====== Source material ======
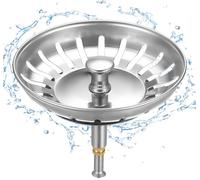 HUAERSICO Cesta Colador Acero Inoxidable 82mm,Universal Fregadero,Colador Fregadero con FuncióN TapóN,Colador DesagüE Fregadero Cocina Regulable En Altura,para Fregadero Blanco Recambio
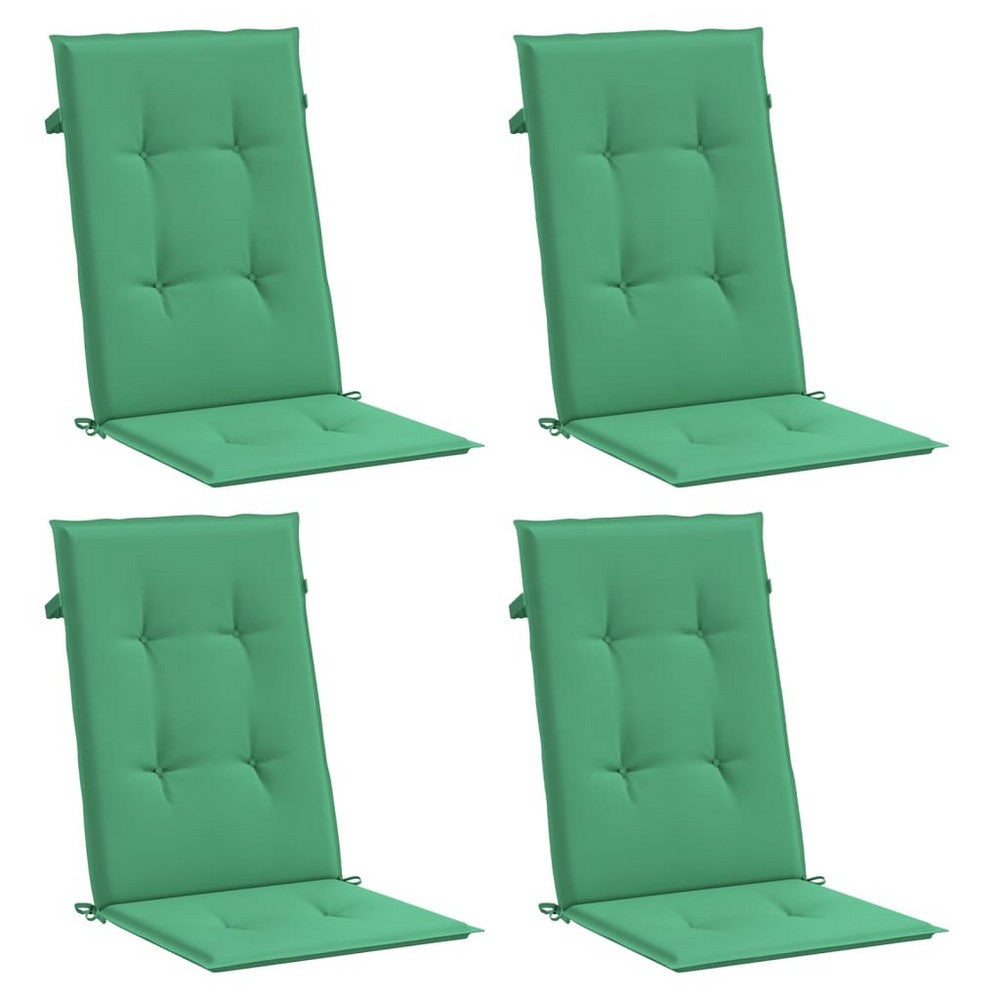 Amber Outdoor high back Chair Cushions | Set of 4 | Green Polyester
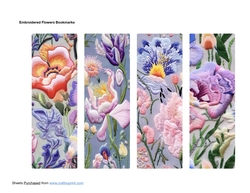 Embroidered Flowers Bookmarks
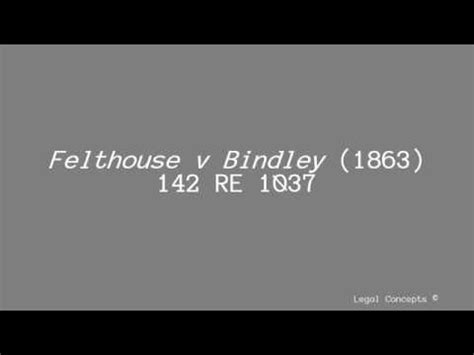 Felthouse V Bindley Case Summary Youtube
======
--- Exercise description ---
Nothing but the lines from the one containing "Embroidered Flowers Bookmarks" through the last line of the data should appear in the answer, copied exactly, with pictures excluded.

--- Response area ---
 Embroidered Flowers Bookmarks
 Felthouse V Bindley Case Summary Youtube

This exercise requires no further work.